The authors describe repeated attempts that were made through the early nineteenth century to civilize and/or Christianize the Aborigines, and again to convince them to cultivate the land.
By this time the dominating view was that the Aborigines’ barbarism could not necessarily be ascribed to ‘any inconquerable dullness of intellect, but merely to their love of erratic liberty’ (Colonial Office 1844, p. 150). They would soon be giving up and letting the indigenous peoples be put on reservations where they could transition from hunter to cultivator on their own time. They claimed that “Aborigines were uniquely incapable of improvement in general, and of cultivation in particular”, yet “An ‘intelligent’ Aboriginal witness called before the committee was asked by the chairman: ‘Would any black fellows living about you now like to have a farm and to grow cabbages and other things?’ When told ‘they would not stop by it’, the witness was asked for clarification: ‘They like to walk about?’ To which the answer was ‘Yes’” (Colonial Department 1845, p. 4). But these innate deficiencies were ‘confirmed’ by 19th century phrenology and craniology, declaring the attempts to civilize the savage as futile, that their reflective faculties were deficient in many areas, Number, Constructiveness, Reflection, and Ideality being at the top of the list. By 1866 it was a world-wide fact that the savage hunters were irreclaimable, and a lost cause, as printed in the British-based Popular Magazine of
Anthropology of Gideon S Lang’s The Aborigines of Australia (Anonymous 1866, p. 50), and it’s from this time onward that the ‘dark races’ are no longer expected to change, and are even thought to be unable to change.

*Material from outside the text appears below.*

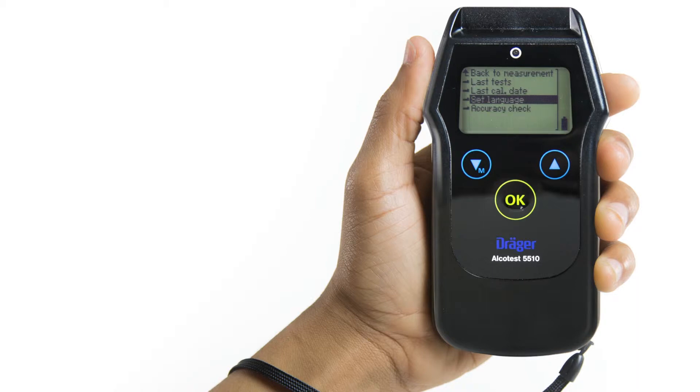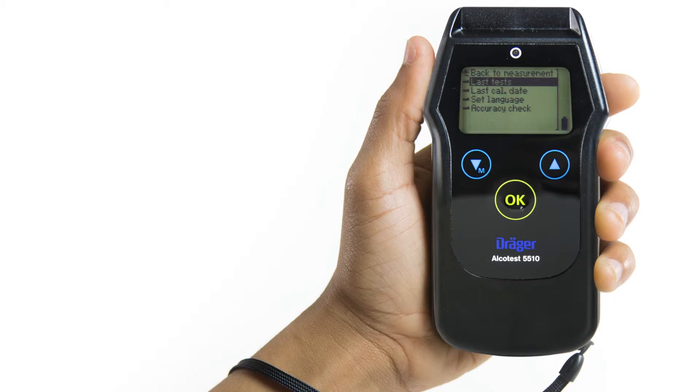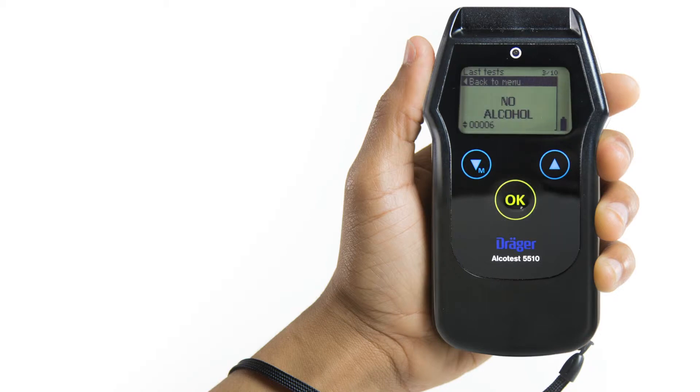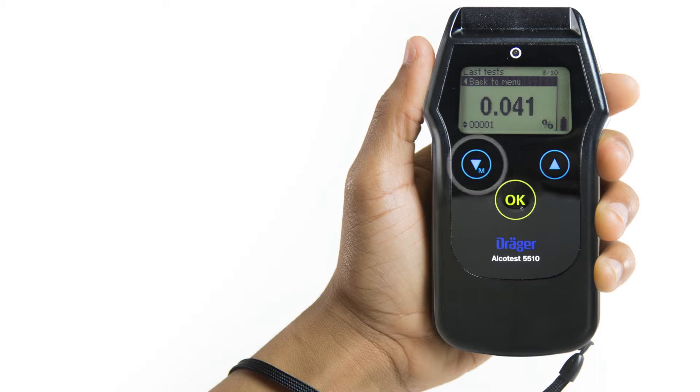The Last 10 Tests menu displays the results of the last 10 breath tests with the test number in the lower left corner. To navigate through the stored tests, use the up and down arrow buttons.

Therefore “race became everything in that it came to constitute an argument for racial destiny”. With Knox and Hunt, polygenists; Nott and Gliddon, craniologists; and Samuel Morton and George Combe, phrenologists; Doctor Prichard had his hands full, but he surely gave it his all. Even while being attacked by Knox who “pitched explicitly against what he called ‘the laborious writings of Dr Prichard’” (1850, p. 23) the same arguments were still present, such as a lack of housing, no acquaintances with any species of grain, their failure to be affected by their coaching. The shift seems to have went well for all but the native peoples, and maybe Dr Prichard.